In 1811, the largest rebellion of enslaved people occurred in New Orleans when 500 enslaved Africans rebelled in what became known as the German Coast Uprising. The final battle of the War of 1812, known as the Battle of New Orleans, occurred in the area when American troops led by General Andrew Jackson and the pirate, Jean Lafitte, defeated the British. A crucial naval battle occurred in 1862 leading to the capture of New Orleans by Union troops.
The Port of New Orleans was a major hub of America’s slave trade, where goods, supplies and enslaved people were transported and sold. New Orleans was also home to the largest slave market in the country. By 1860, New Orleans was the 6th most populous American city and had the country’s second highest per-capita income. Louisiana became the sixth state to secede from the Union, joining the Confederacy in 1861.
After the Civil War ended, Louisiana was readmitted to the Union in 1868, and, in 1872, P. B. S. Pinchback became the first person of African American descent to serve as governor in the US. Louisiana passed the Thirteenth, Fourteenth and Fifteenth Amendment to its state constitution, abolishing slavery, recognizing African Americans as citizens, and guaranteeing African American men the right to vote. However, once Reconstruction ended, New Orleans, and the rest of Louisiana, experienced the discriminatory impact of Jim Crow laws. White supremacists, like the White League, heavily contributed to the resulting violence against formerly enslaved people, including lynchings statewide. Public facilities were segregated, and many African American descendants became disenfranchised. Literacy laws and poll taxes were implemented to prevent African American descendants from voting. In 1898, a state constitutional amendment was passed containing a “Grandfather Clause” granting the right to vote for only those men whose grandfathers, fathers, or themselves were eligible before the Civil War. Public schools remained segregated until 1960 and those of African descent were prohibited from serving on juries or holding public office. Homer Plessy, a New Orleans free person of color, became the plaintiff in the seminal Supreme Court case, Plessy v. Ferguson, upholding “separate but equal” as constitutional in 1896.

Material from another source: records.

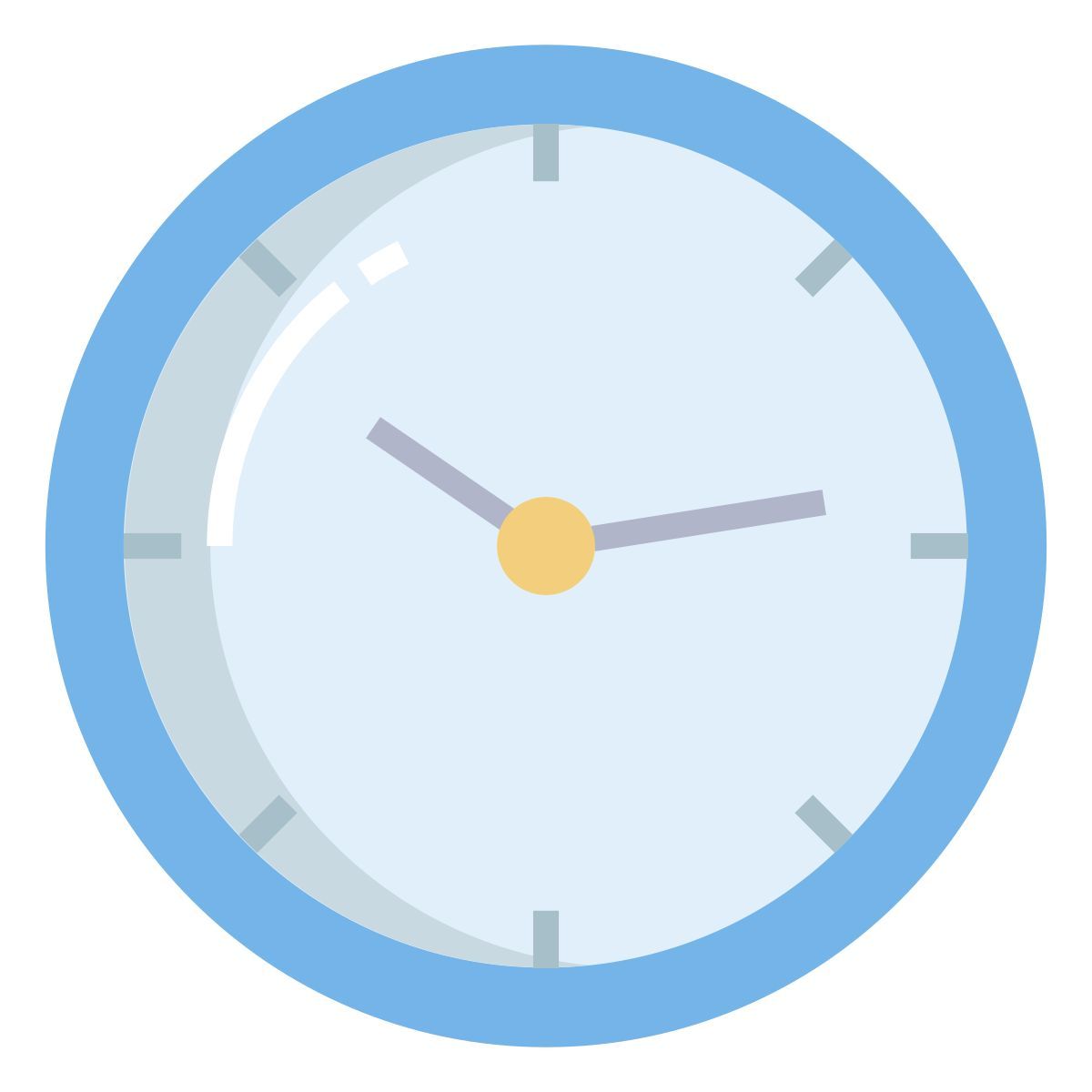 clock icon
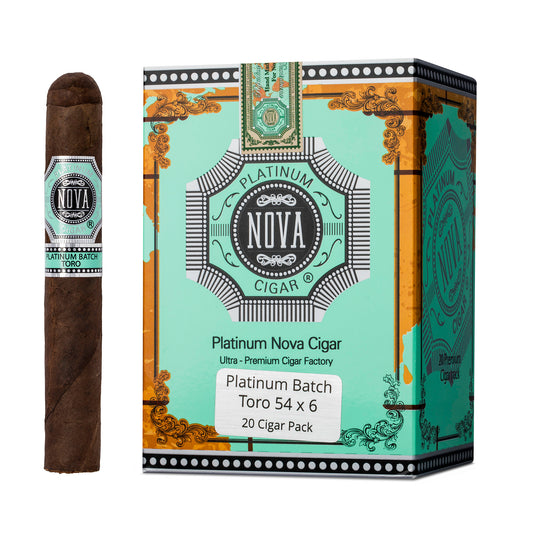 Platinum Nova Batch Toro - 20ct
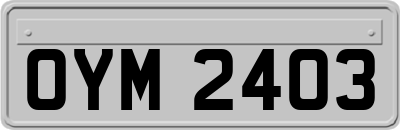 OYM2403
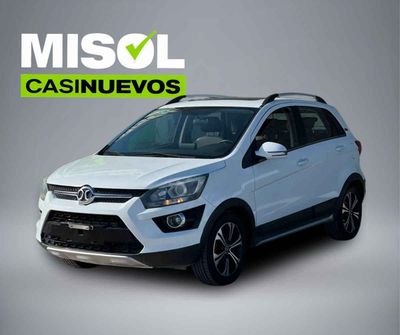 Baic X25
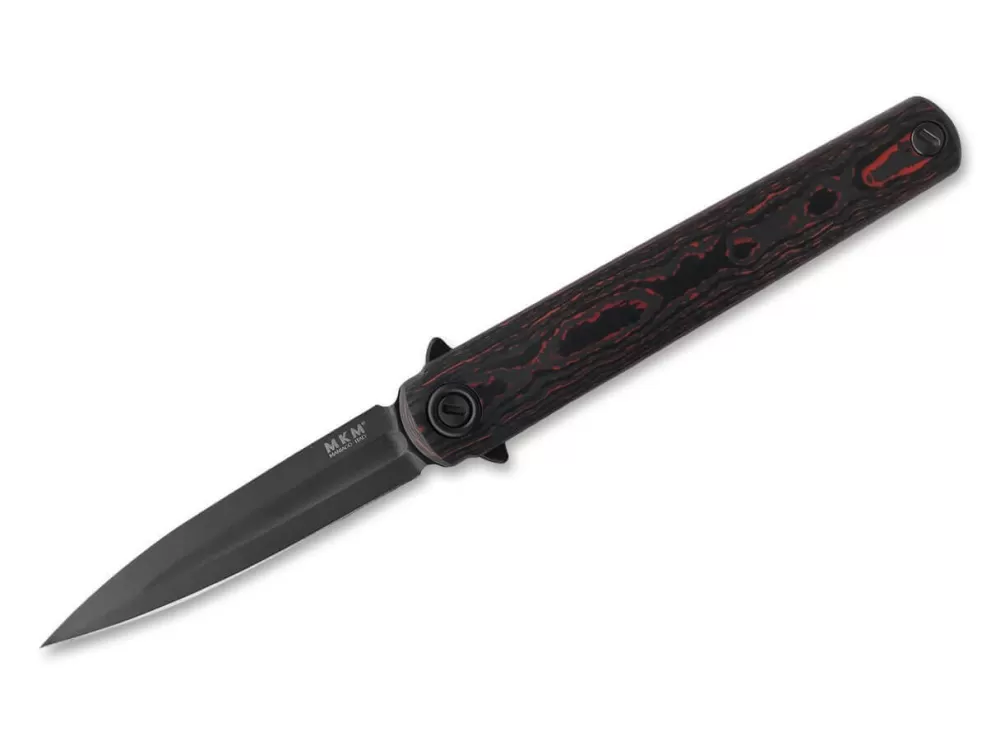 Flash Sale MKM Flame Dagger Lava Carbon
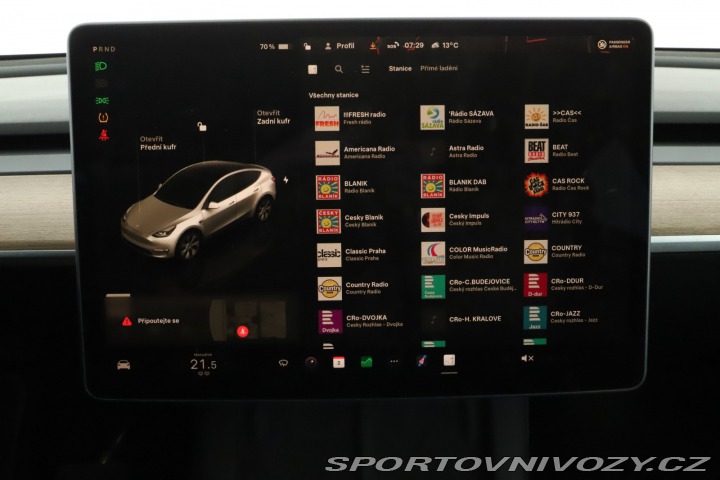 Tesla Model Y Long Range AWD 79kWh 2023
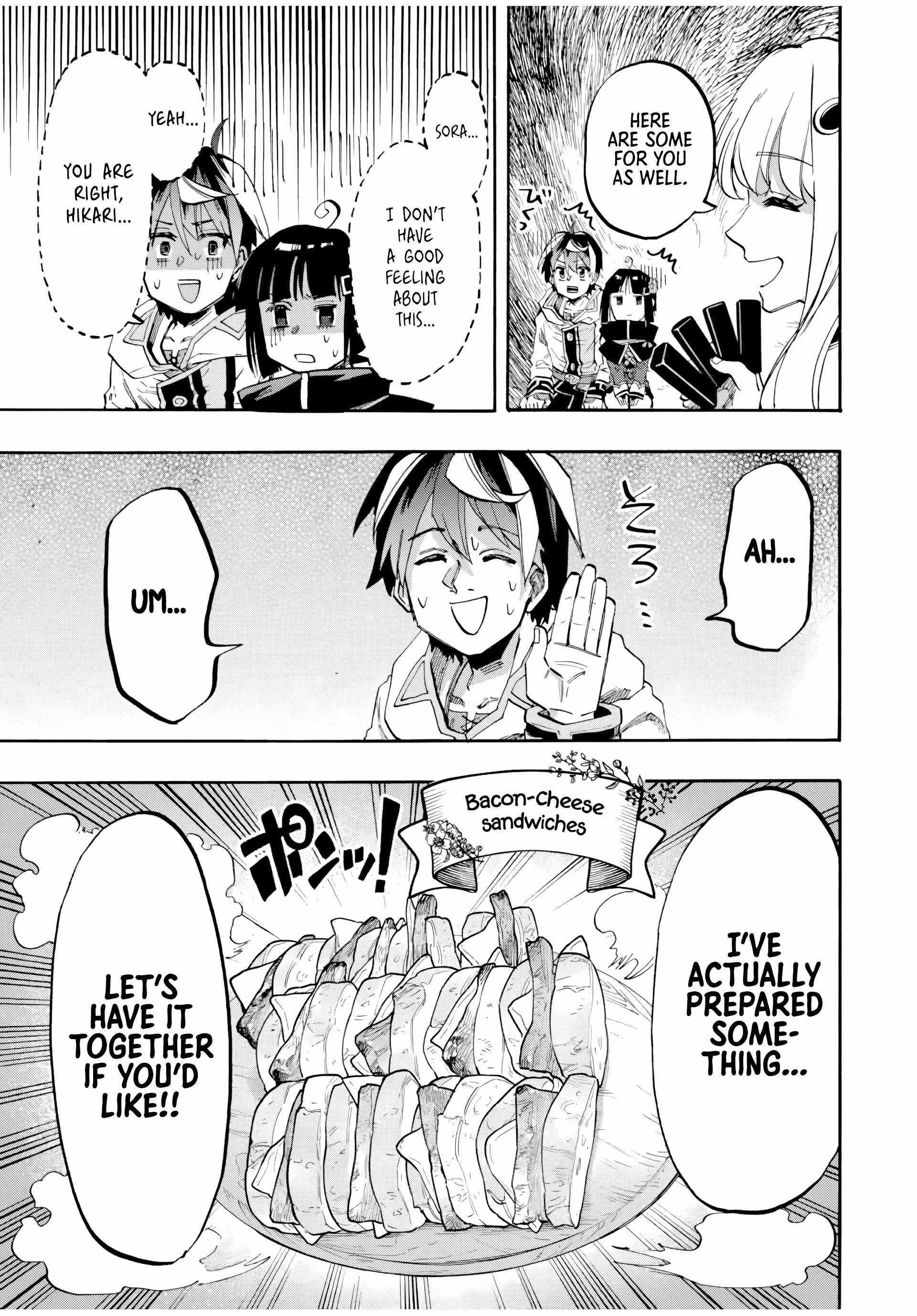 Isekai Walking Chapter 82 - Page 13 in English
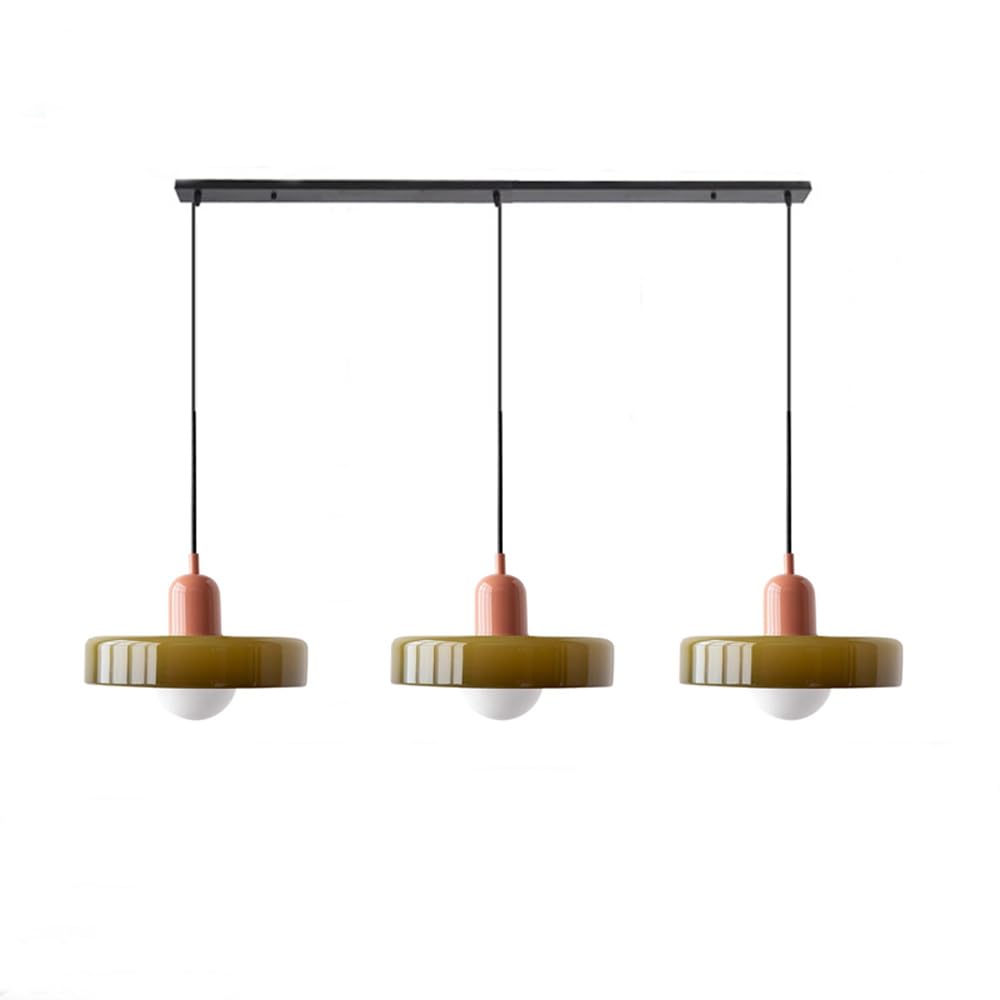 Kirrea One Glass Pendant Light For Kitchens And Dining Rooms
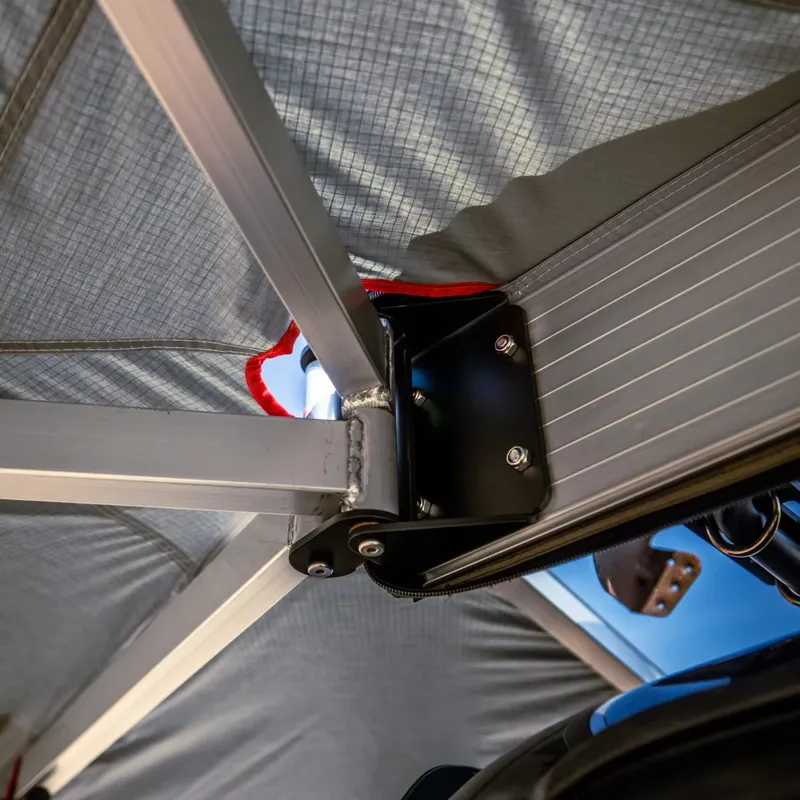 Retractable Fast Open 270 Degr - đánh giá và giá Outdoor Camping Awning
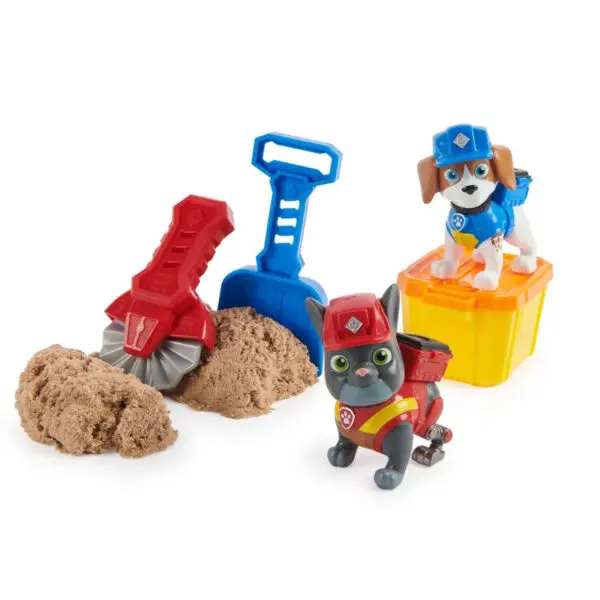 Rubble & Crew Figurpakke Med 2 Stk. Figur 6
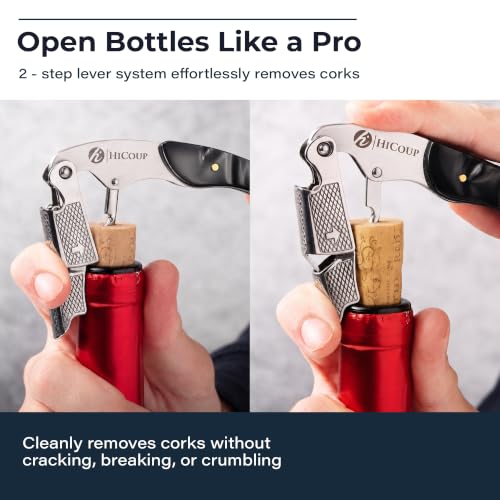 Hicoup Wine Opener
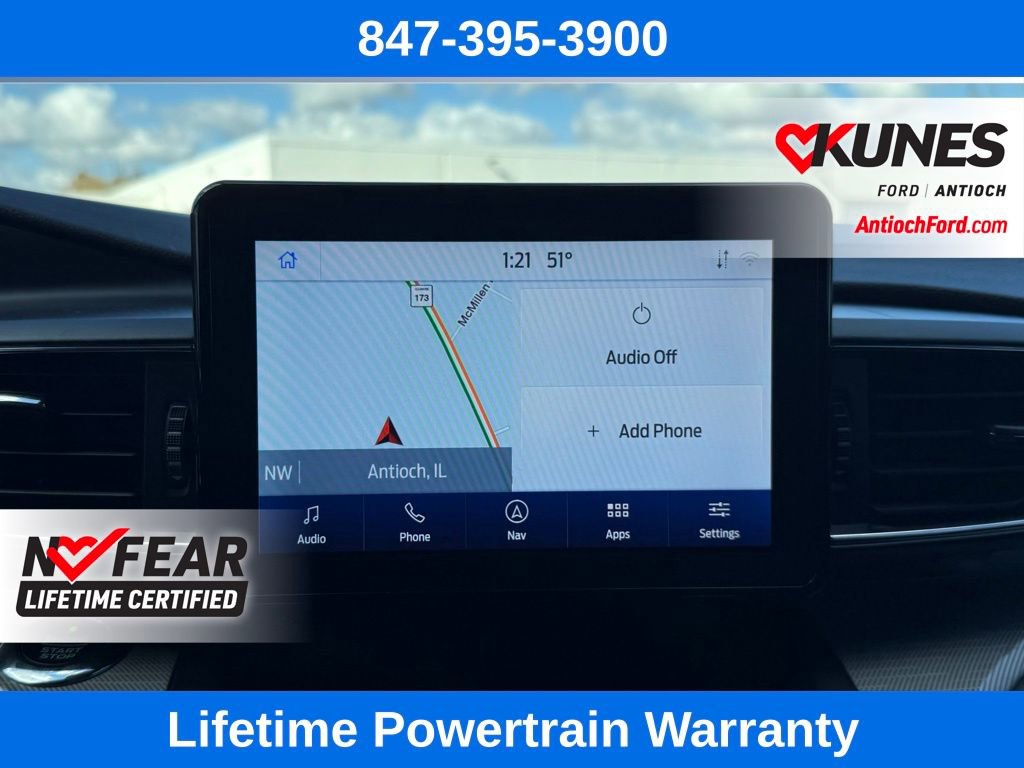 Used 2020 Ford Explorer XLT w/ Equipment Group 202A image 43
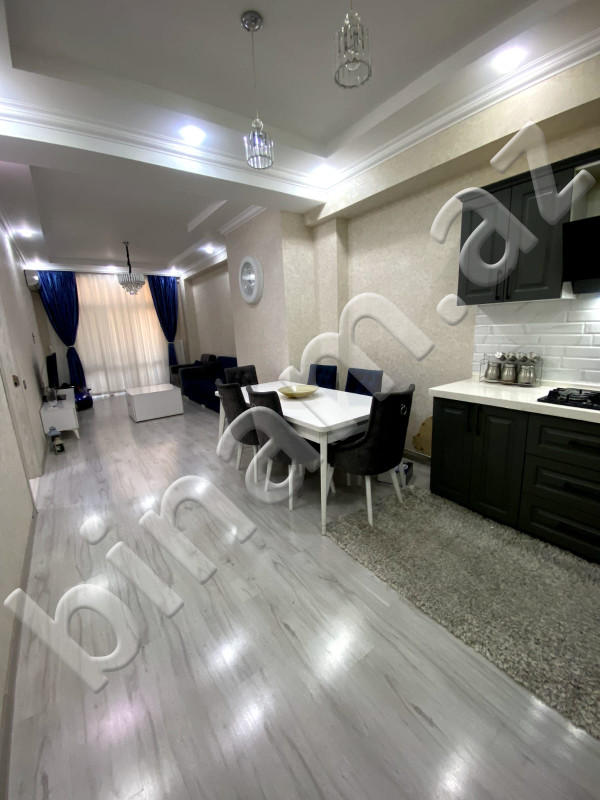 2 otaqlı Yeni tikili, Satış, Bakı, Nəsimi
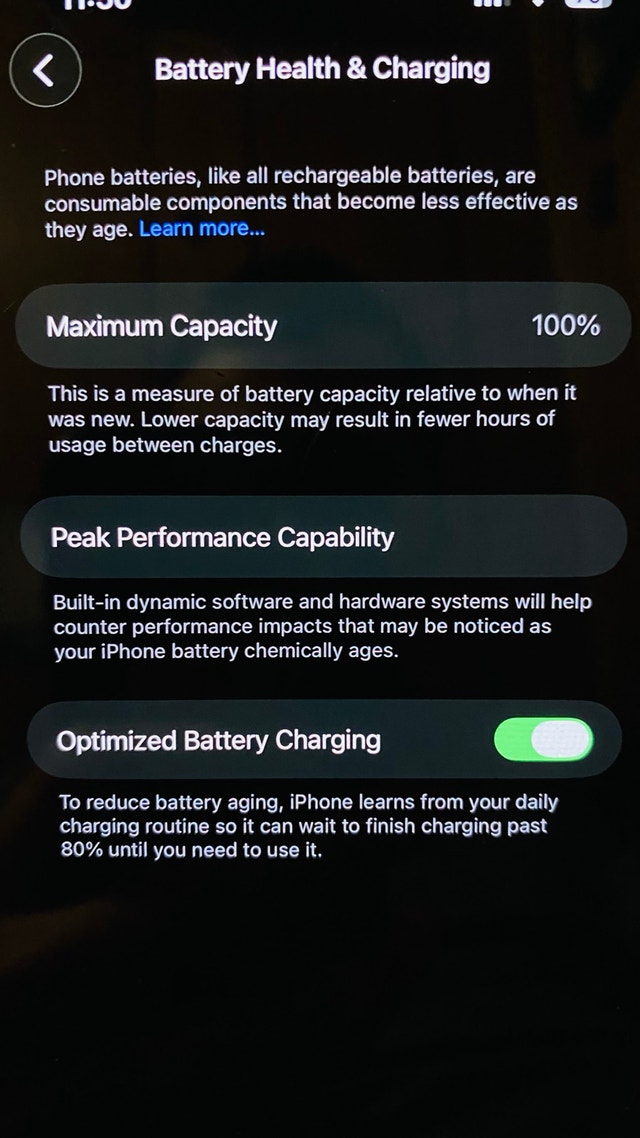 iPhone 14 Plus - photo 4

In 1910, Louisiana became the second state to pass a “one drop” statute, mandating that anyone with any trace of Black African ancestry will not be considered white. In 1967, the Supreme Court ruled “one drop” statutes unconstitutional when it decided the case of Loving v. Virginia, ruling that anti-miscegenation laws prohibiting interracial marriages, which traditionally relied on the “one drop” rule, violated the Equal Protection and Due Process Clauses of the Constitution. In 1970, in an attempt to maintain racial discrimination and white supremacy, Louisiana passed the “1/32 law” classifying anyone with 1/32 or more of Black African ancestry as Black. That law was finally repealed on July 5, 1983.
New Orleans has a storied place in music history, blending the European, African and Latino American cultures of its diverse inhabitants. Its early music was a unique blend of musical instruments from its Europe inhabitants and the rhythms of its African descendants, eventually leading to the birth of jazz. Cajun, Zydeco, Acadian and Delta Blues also influenced much of the music coming from the New Orleans area, some of which contributed to America’s rhythm and blues and rock and roll revolution. New Orleans has produced many of music’s early pioneers, such as Louis Armstrong, Buddy Bolden, Jelly Roll Morton, Louis Prima, Fats Domino, Allen Toussaint, The Boswell Sisters, Mahalia Jackson, Lizzie Miles, Billie Pierce, Sweet Emma Barrett, Nellie Lutcher, Irma Thomas, and Dr. John, to name a few.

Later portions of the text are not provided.